In my last article, I talked a bit about the theoretical aspect of the famous Sequence to Sequence Model. I have shared the code for my implementation of seq2seq - easy_seq2seq. I have adopted most of the code from en-fr translation example provided by Google. Hence, most parts of the code, that dealt with data preprocessing, model evaluation were black boxes to me and to the readers. To make matters worse, the model trained on Cornell Movie Dialog corpus performed poorly. A lot of people complained about this. After training the model for days, most of the responses were gibberish. I apologize for wasting your time.
The objective of this article is two-fold; to provide the readers with a pre-trained model that actually works and to describe how to build and train such a model from (almost) scratch.
Before doing that, let us recap what we discussed in the previous article.
Recurrent Neural Networks
Recurrent Neural Networks or simple RNNs, are a special kind of neural networks that are capable of dealing with sequential data, like videos(sequence of frames) and more commonly, text sequences or basically any sequence of symbols. The beauty of it is, the network doesn’t need to know what the symbols mean. It will infer the meaning of symbols, by looking at the structure of the text and relative positions of symbols. There are some amazing articles on RNNs and what they are capable of. To put it simply, an RNN, unlike an MLP or CNN, has an internal state. Think of this state as memory of the network. As the RNN devours a sequence (sentence), word by word, the essential information about the sentence is maintained in this memory unit (internal state), which is periodically updated in each timestep. The essence of a sentence of 7 words will be captured by an RNN, in 7 timesteps. This is just a “story” about RNN, intended to provide a high level understanding of RNN. To understand the actual mechanism of RNN, read Denny Britz’s series of articles on RNN - 1, 2 ,3, 4 and then move on to Karpathy’s The Unreasonable Effectiveness of RNNs.

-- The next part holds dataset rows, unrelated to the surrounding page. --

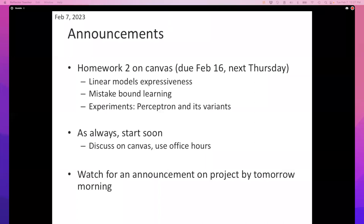Any questions on homework? A student asks about the second homework: can we use a learning algorithm that's very similar to what we can find in the literature? It can be something similar to what's in the class — I'm not asking you to invent an algorithm from scratch that nobody has ever seen before. You can build on top of what we saw in class. Have people started the homework? It seems one person has. Yes, please start soon if you haven't already.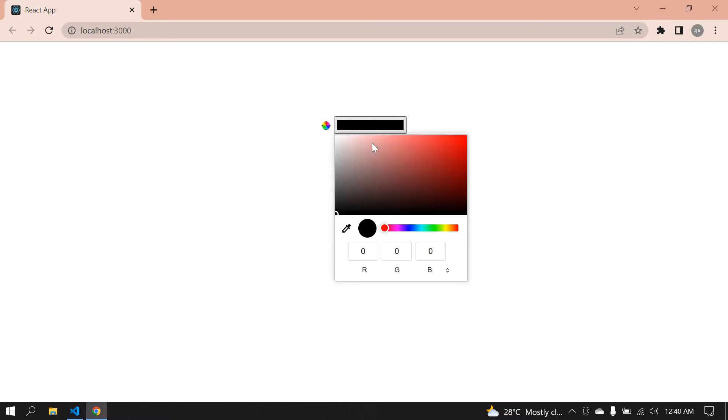Hello everyone, in this video I will show you how to create an input color picker in React.js and also I'm getting the value and displaying it at the bottom. I will show you the demo. If I click this input field, I mean color picker, I can choose the colors and I can change the ratio of this color.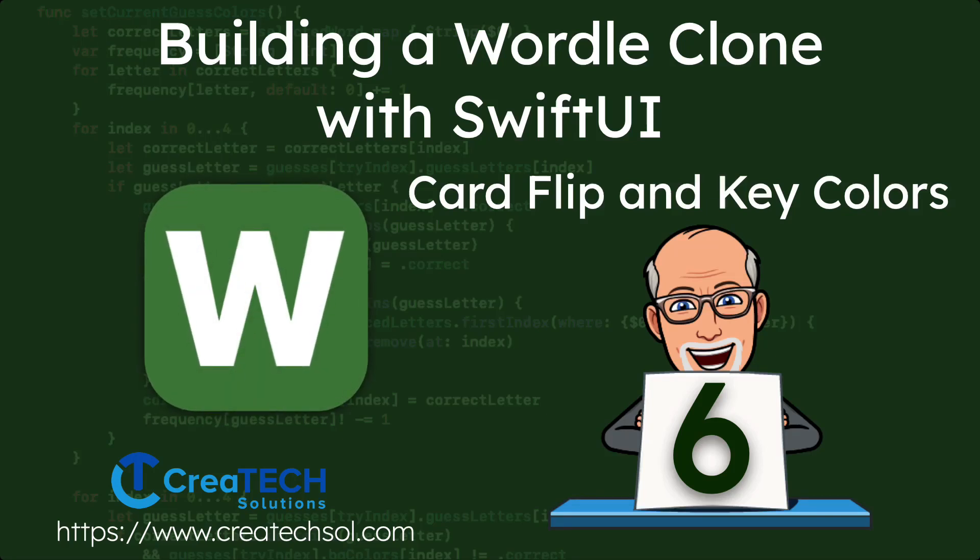Hi, my name is Stuart Lynch and this is the sixth of nine videos in the Building a Wordle App clone series.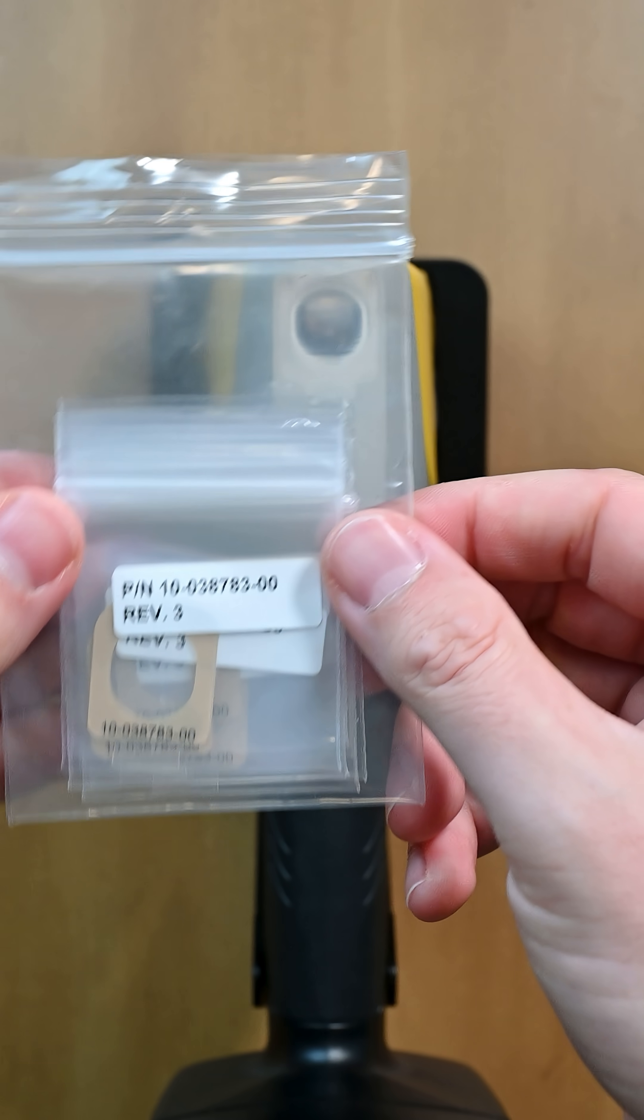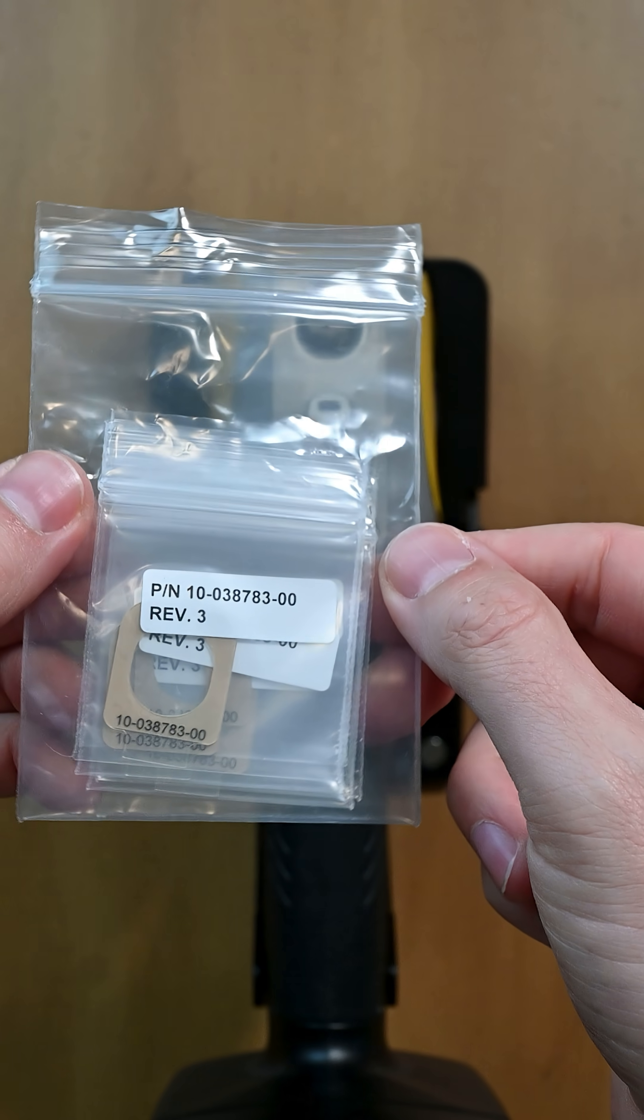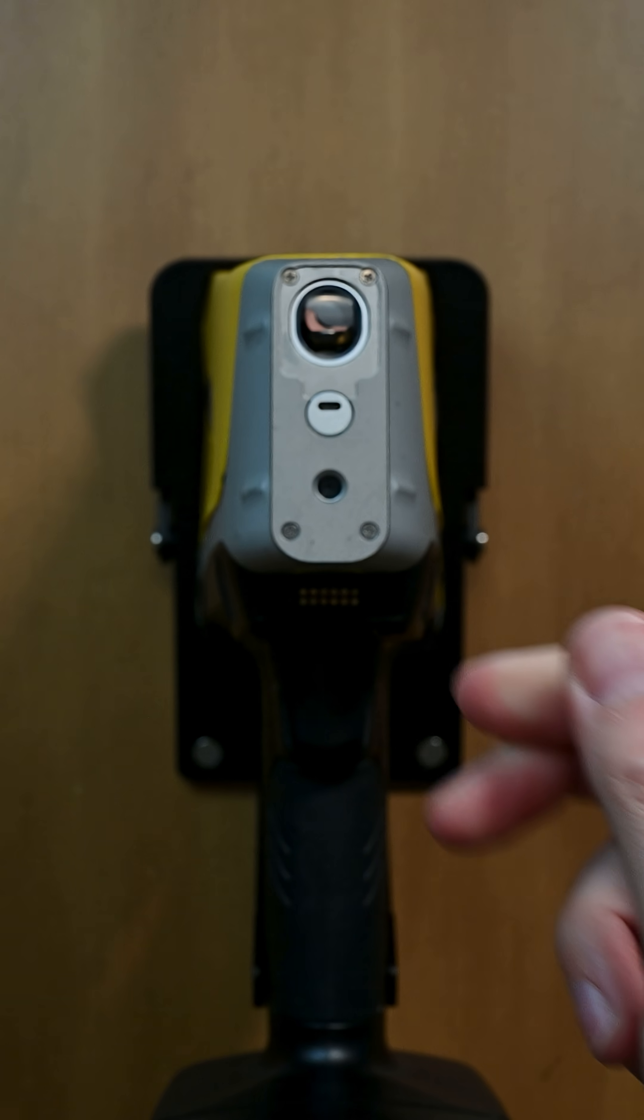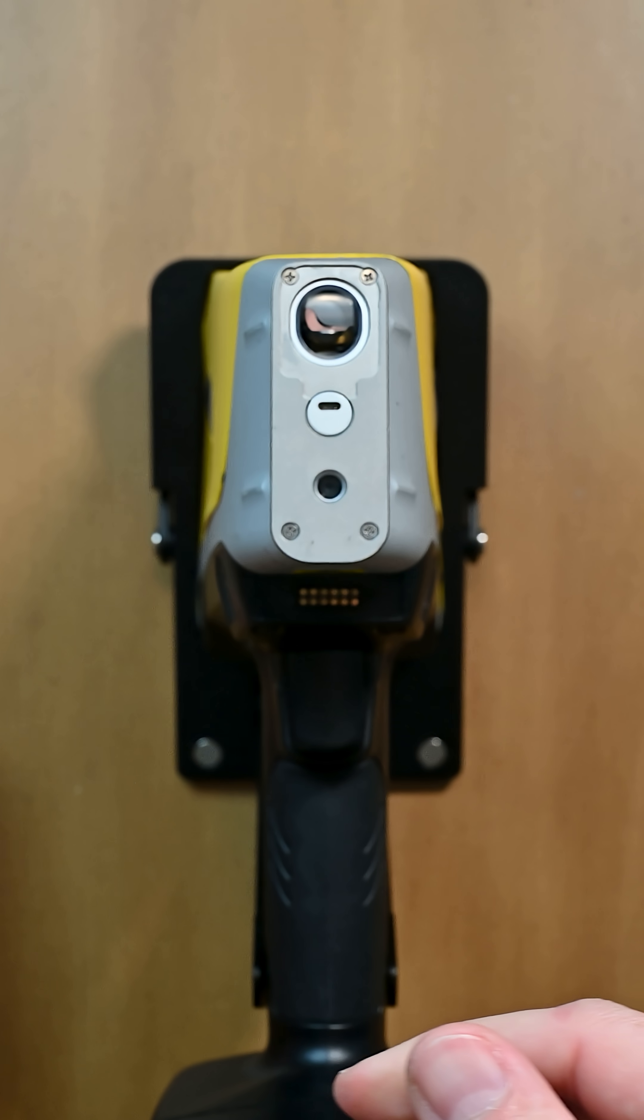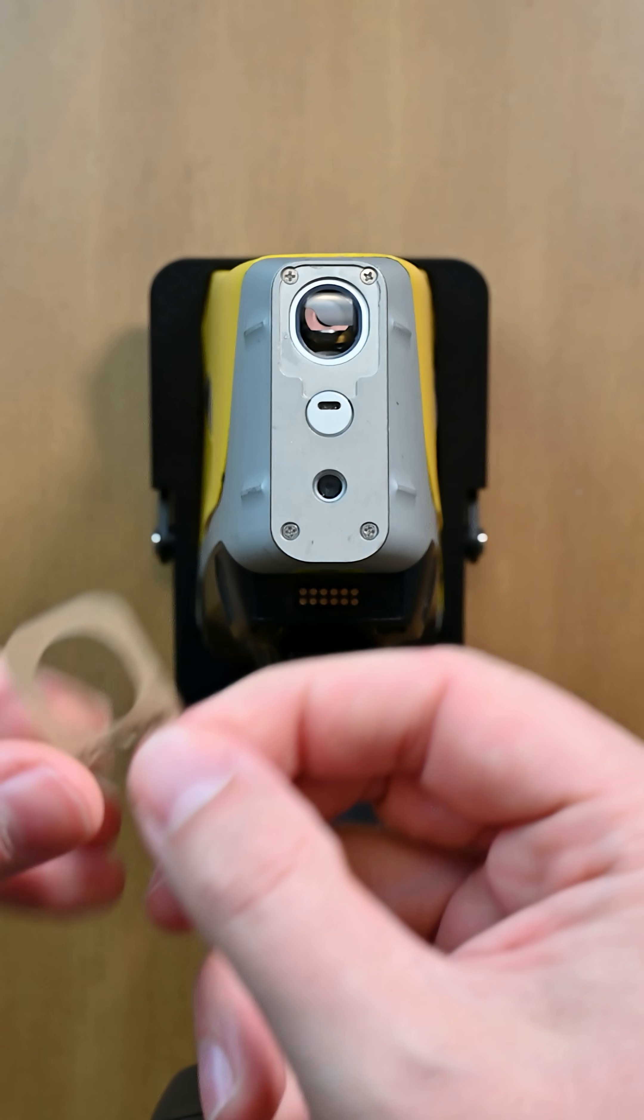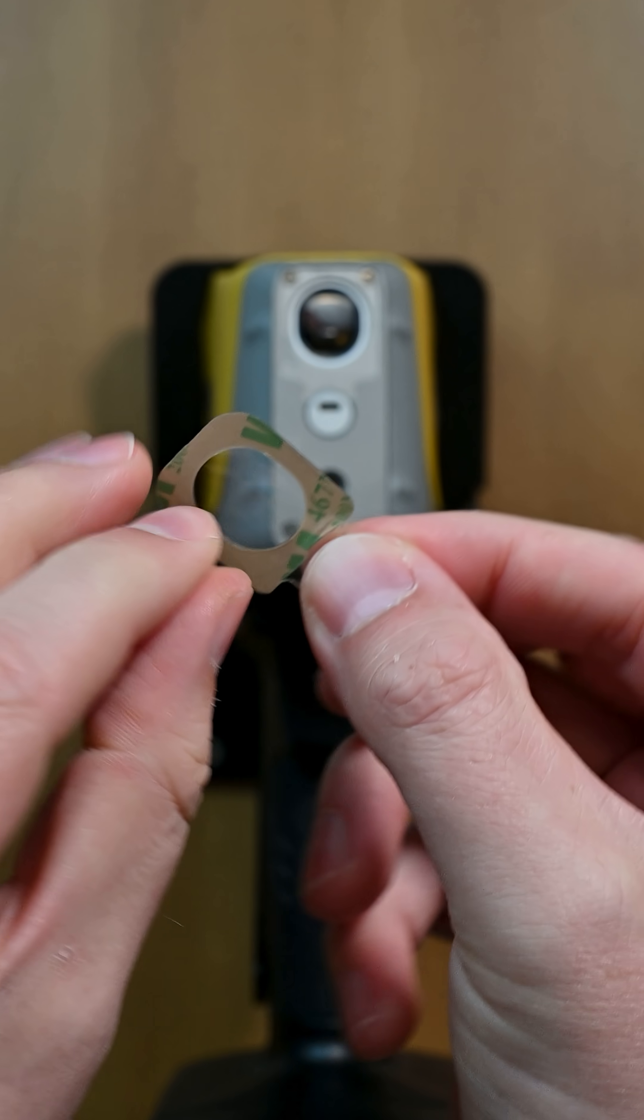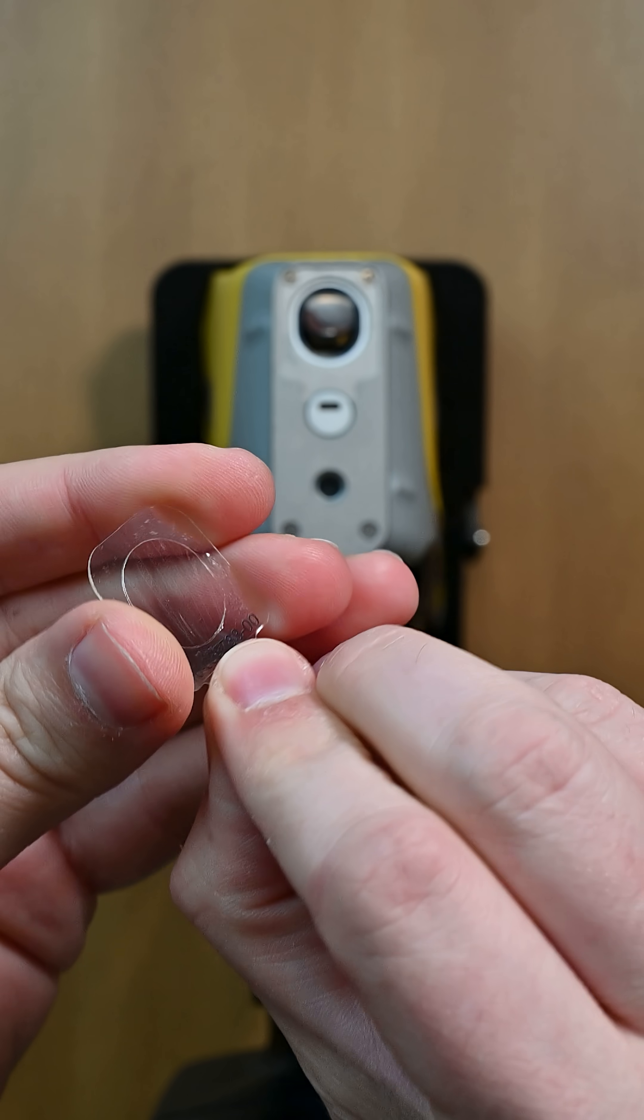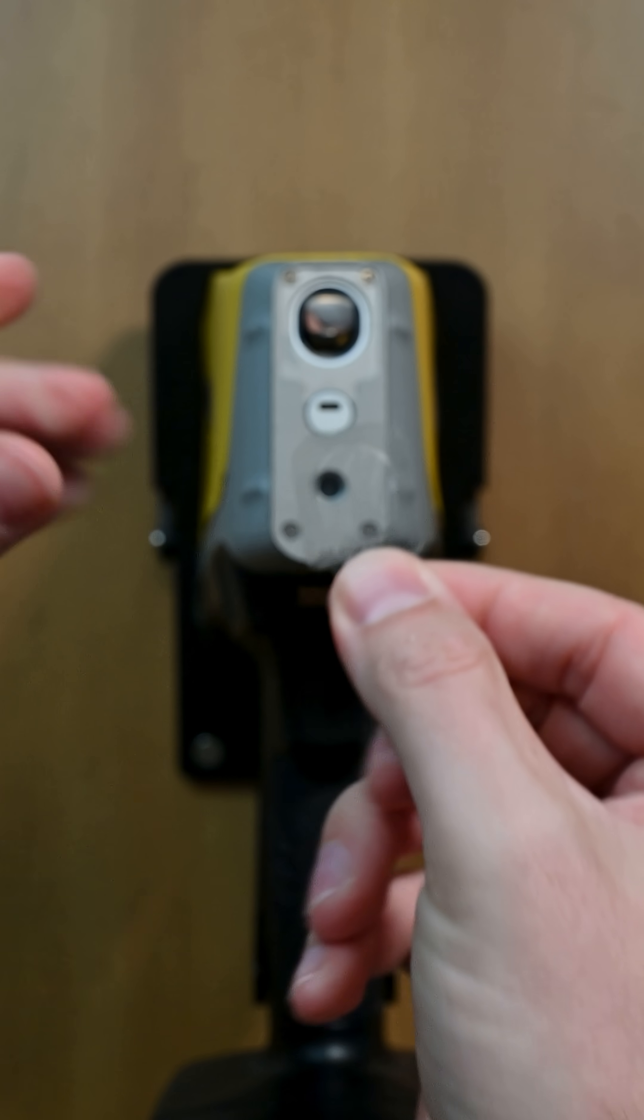Then in the case for your Vantamax, you're gonna find new windows that look like this. Just find one of those, take it out of the package, and remove the backing here, and there you go.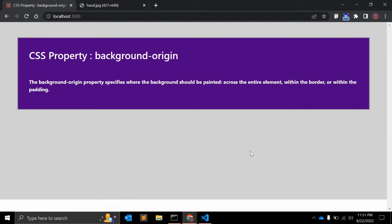Welcome to my channel Code Canvas. In this video we will learn about one of the CSS properties — background-origin. The background-origin CSS property sets the background's origin either from the border start, inside the border, or inside the padding.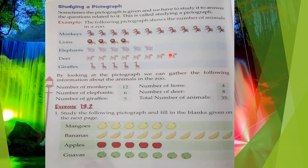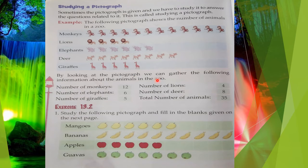Eight deers and giraffes — 1, 2, 3, 4, 5 — five giraffes. So this is the record of this zoo. By looking at the pictograph, we can gather the following information about the animals in the zoo. We have to answer these questions with the help of this pictograph.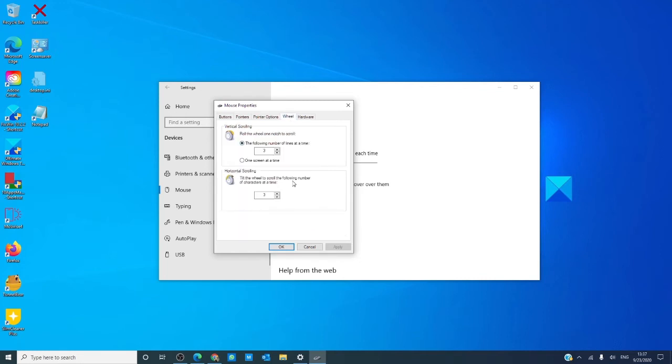You can even pick the one screen at a time option, meaning that using your scroll option, you will skip an entire page at once instead of so many lines at a time.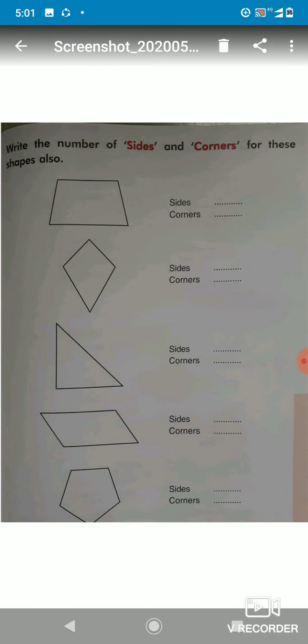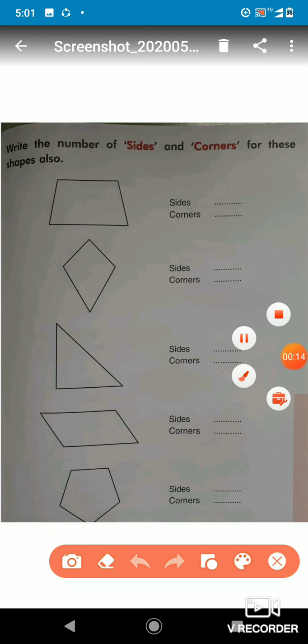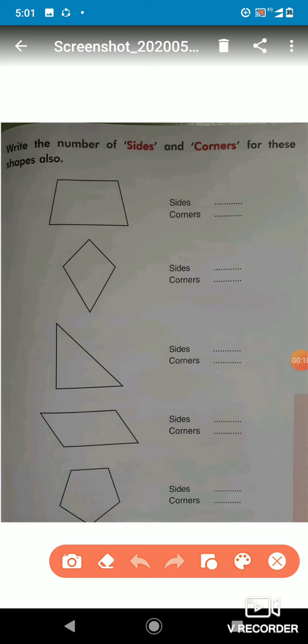Good morning students, welcome to today's math class. There are some more shapes and again you have to find out the sides and the corners of the given shapes, so that you will not get confused about how we can find the sides and the corners of the given shapes.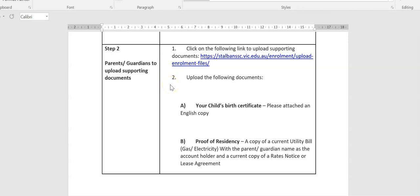So the documents that you will need to have ready, first of all, a copy of your child's birth certificate. If your child's birth certificate is not in English, we do require an English copy. It can be translated, so please provide us with an English copy of your child's birth certificate.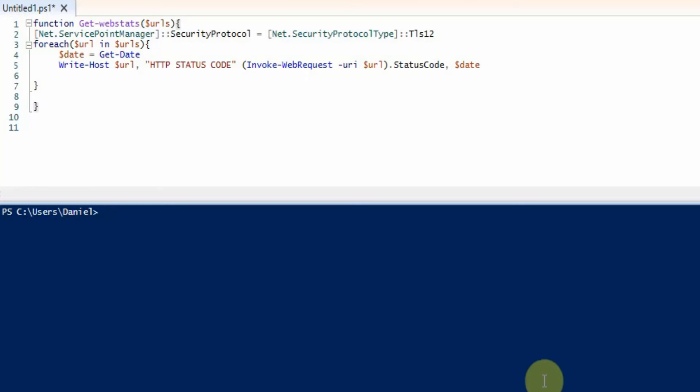Hello YouTube, this is Daniel here from dbtechprojects. I've got a little PowerShell script which I just want to show you guys.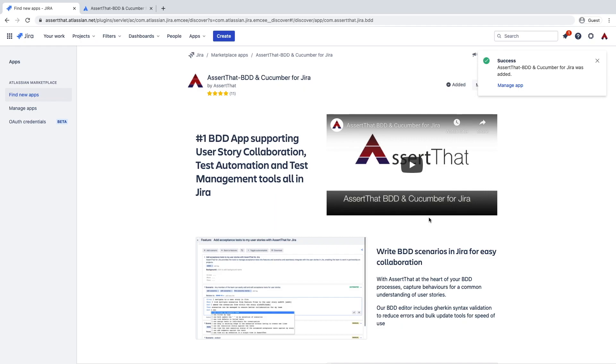When installed, the plugin is enabled on a project by project basis. What we'll do now is enable the plugin for our demo project.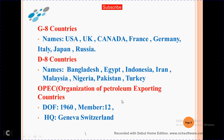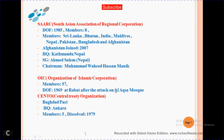OPEC — Organization of Petroleum Exporting Countries. Member countries include Colombia and others from Asia.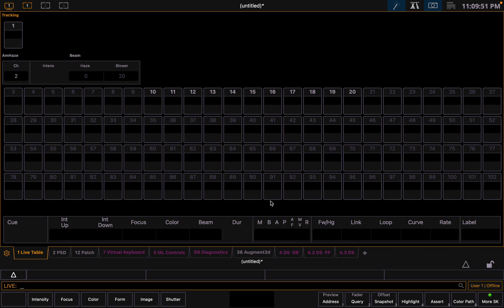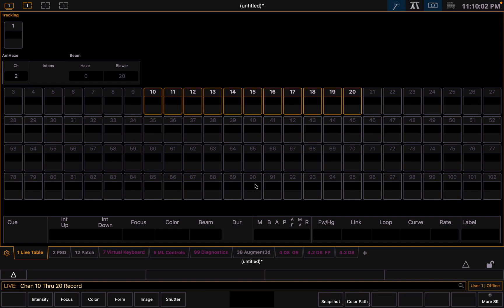It's simple. All you have to do is select the fixtures you want to record, so clicking 10 through 20 for me. Then just click record, which is the R button on the keyboard or the record button, then G which is for group, then the number group you want. So let's say just one.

The naive version of RNN, is typically called a Vanilla RNN, which is pretty pathetic in remembering long sequences. There are more complex versions of RNN, like LSTM (Long Short Term Memory) and GRU (Gated Recurrent Units) RNNs. The only difference between a Vanilla RNN and LSTM/GRU networks, is the architecture of the memory unit. An LSTM cell consists of multiple gates, for remembering useful information, forgetting unnecessary information and carefully exposing information at each time step. Christopher Olah does an amazing job explaining LSTM in this article. Check out Denny’s tutorial on GRU.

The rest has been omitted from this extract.